Start of Input material

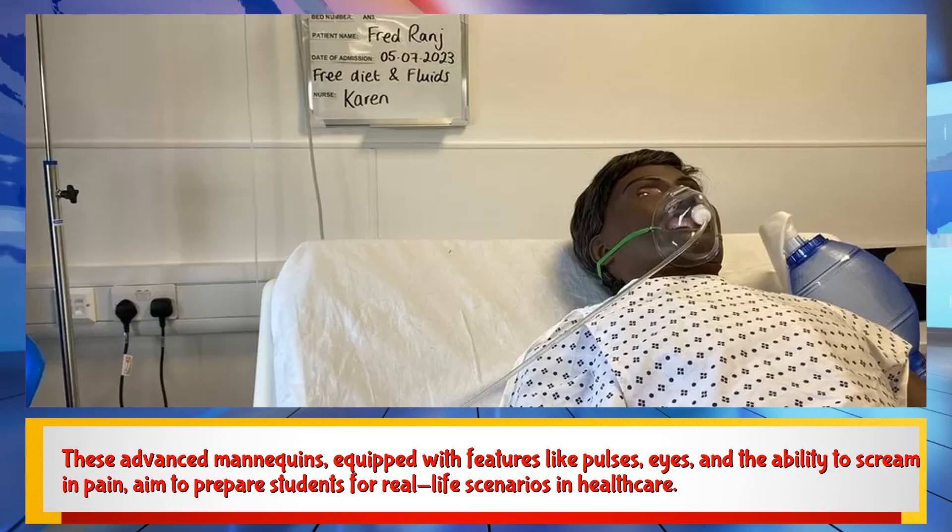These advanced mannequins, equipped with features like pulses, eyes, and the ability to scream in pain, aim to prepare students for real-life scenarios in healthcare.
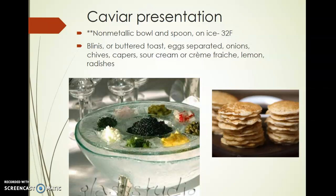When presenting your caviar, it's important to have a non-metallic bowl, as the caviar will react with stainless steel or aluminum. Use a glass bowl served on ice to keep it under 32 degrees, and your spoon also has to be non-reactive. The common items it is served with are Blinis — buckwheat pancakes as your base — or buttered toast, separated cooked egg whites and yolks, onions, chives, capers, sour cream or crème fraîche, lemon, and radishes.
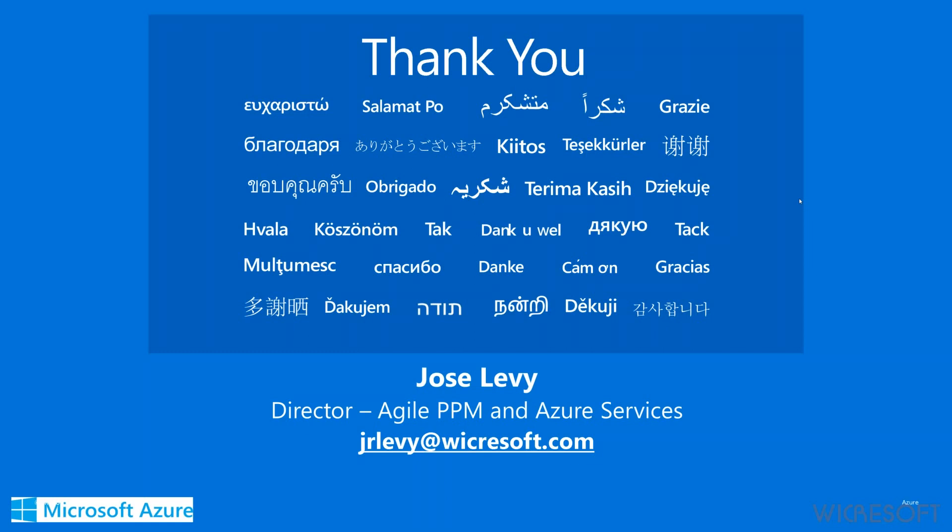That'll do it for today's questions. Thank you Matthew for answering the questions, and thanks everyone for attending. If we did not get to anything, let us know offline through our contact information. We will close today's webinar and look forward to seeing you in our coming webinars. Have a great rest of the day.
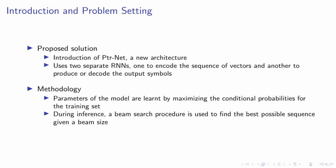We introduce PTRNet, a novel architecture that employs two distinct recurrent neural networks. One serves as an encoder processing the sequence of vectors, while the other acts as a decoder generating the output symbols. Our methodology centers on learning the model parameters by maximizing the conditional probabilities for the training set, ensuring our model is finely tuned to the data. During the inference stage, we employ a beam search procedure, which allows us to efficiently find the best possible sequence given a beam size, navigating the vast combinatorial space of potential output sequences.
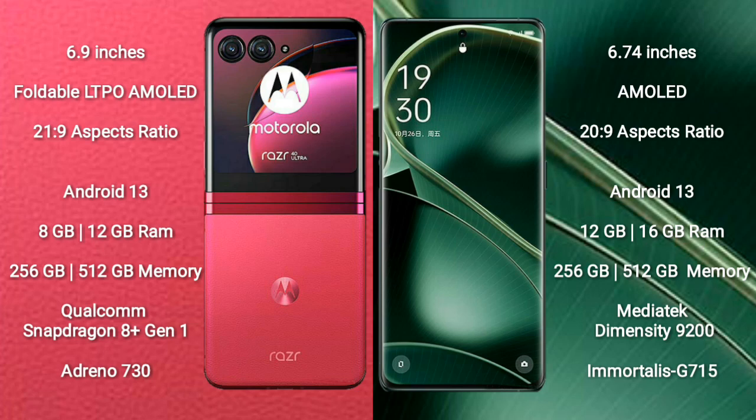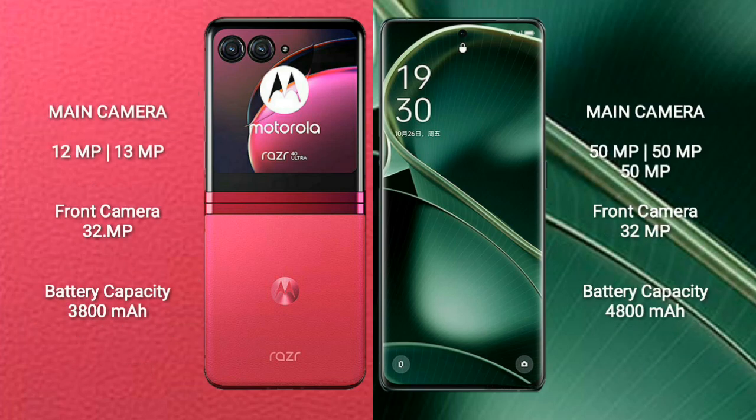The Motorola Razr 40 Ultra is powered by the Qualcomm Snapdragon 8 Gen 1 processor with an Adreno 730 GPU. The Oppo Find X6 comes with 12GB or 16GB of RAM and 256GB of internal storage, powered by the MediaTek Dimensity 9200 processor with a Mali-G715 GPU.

End of Input material

# [Work item]
Where the material contains pictures, leave them out and copy the rest verbatim.

# [Solution to this problem]
These advanced mannequins, equipped with features like pulses, eyes, and the ability to scream in pain, aim to prepare students for real-life scenarios in healthcare.
When presenting your caviar, it's important to have a non-metallic bowl, as the caviar will react with stainless steel or aluminum. Use a glass bowl served on ice to keep it under 32 degrees, and your spoon also has to be non-reactive. The common items it is served with are Blinis — buckwheat pancakes as your base — or buttered toast, separated cooked egg whites and yolks, onions, chives, capers, sour cream or crème fraîche, lemon, and radishes.
That'll do it for today's questions. Thank you Matthew for answering the questions, and thanks everyone for attending. If we did not get to anything, let us know offline through our contact information. We will close today's webinar and look forward to seeing you in our coming webinars. Have a great rest of the day.
We introduce PTRNet, a novel architecture that employs two distinct recurrent neural networks. One serves as an encoder processing the sequence of vectors, while the other acts as a decoder generating the output symbols. Our methodology centers on learning the model parameters by maximizing the conditional probabilities for the training set, ensuring our model is finely tuned to the data. During the inference stage, we employ a beam search procedure, which allows us to efficiently find the best possible sequence given a beam size, navigating the vast combinatorial space of potential output sequences.
The Motorola Razr 40 Ultra is powered by the Qualcomm Snapdragon 8 Gen 1 processor with an Adreno 730 GPU. The Oppo Find X6 comes with 12GB or 16GB of RAM and 256GB of internal storage, powered by the MediaTek Dimensity 9200 processor with a Mali-G715 GPU.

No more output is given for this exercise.